Could you please transcribe the data exactly, without the pictures?
------ STORED DATA
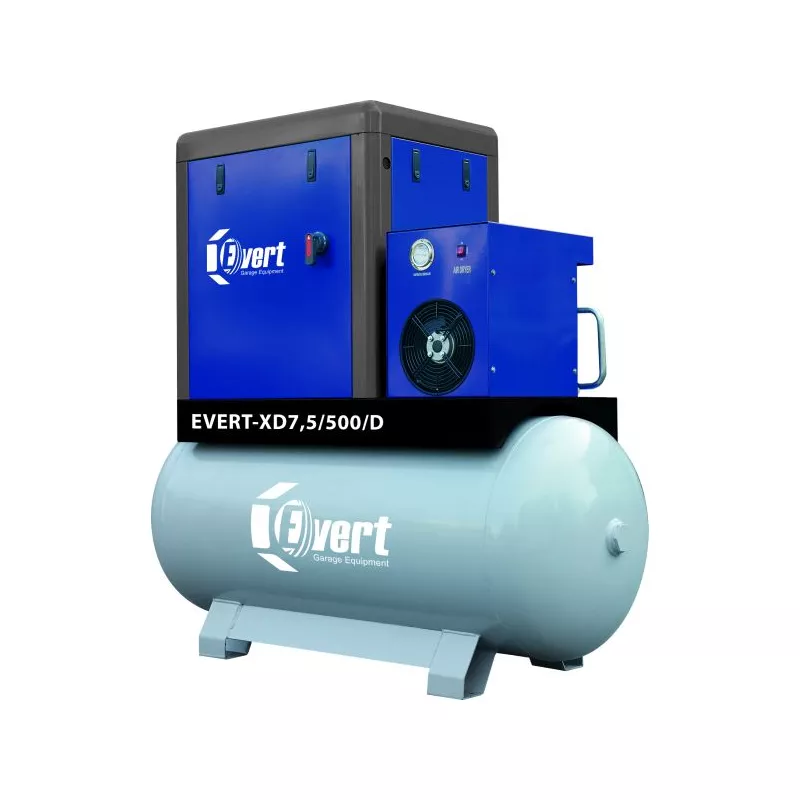 Compresseur d'air EVERT -X7,5/500/D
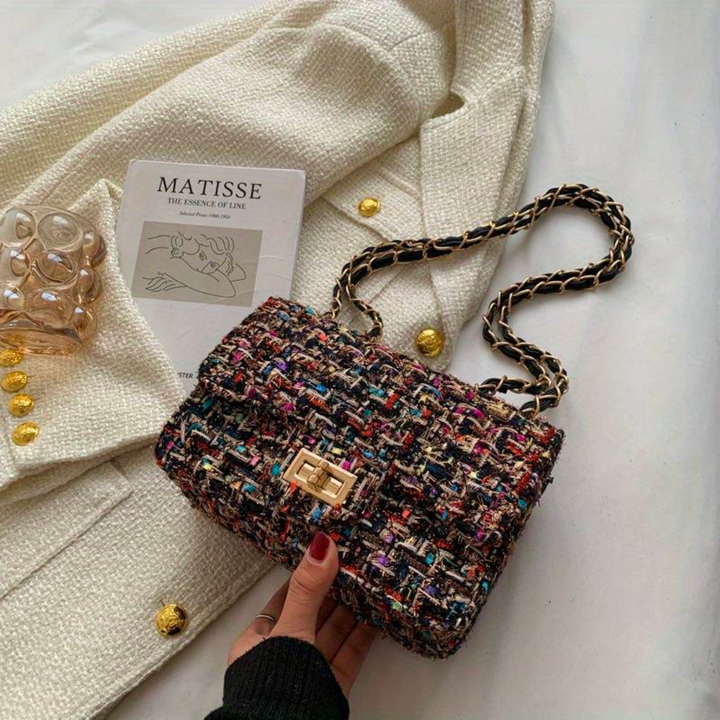 Stilfuld dame skuldertaske - Livia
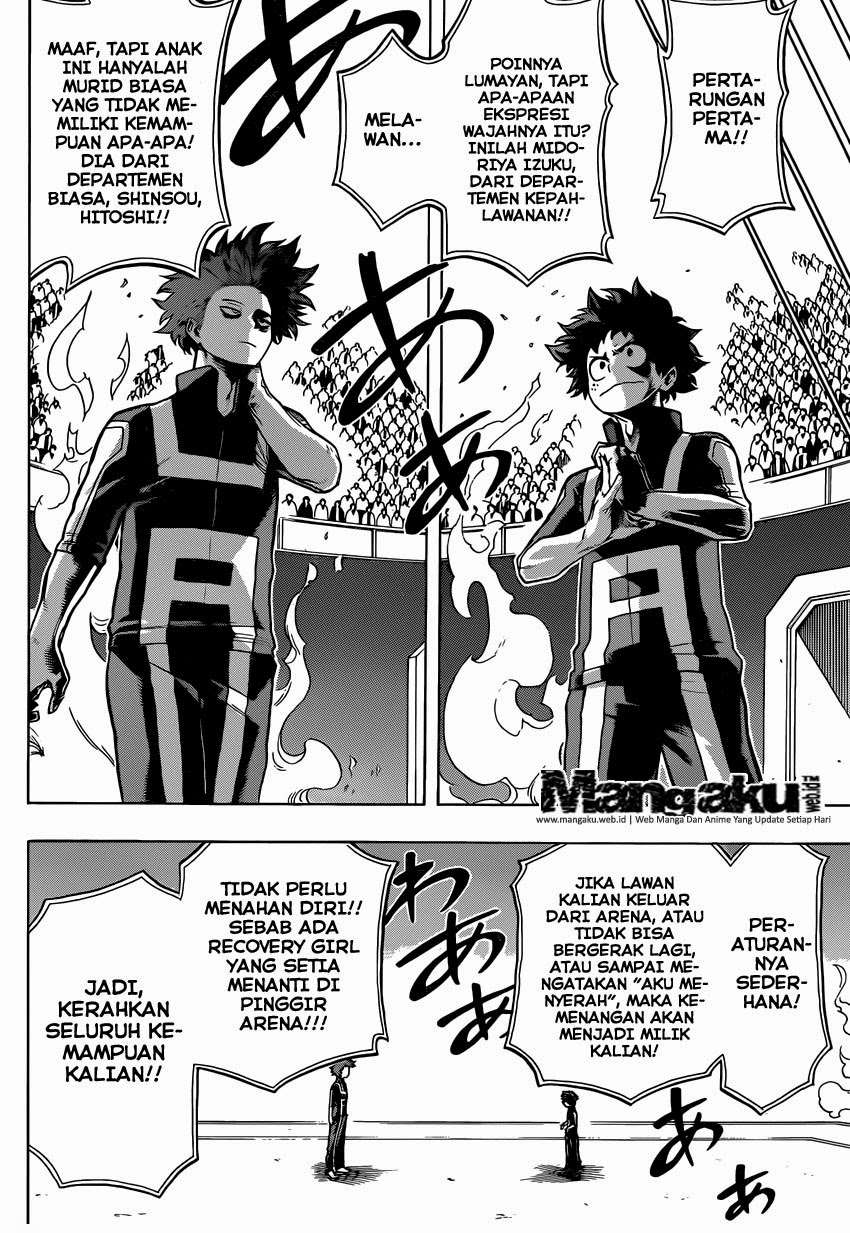Read Boku no Hero Academia ID Manga Online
------------
#### [PROBLEM SOLUTION]
 Compresseur d'air EVERT -X7,5/500/D
 Stilfuld dame skuldertaske - Livia
Read Boku no Hero Academia ID Manga Online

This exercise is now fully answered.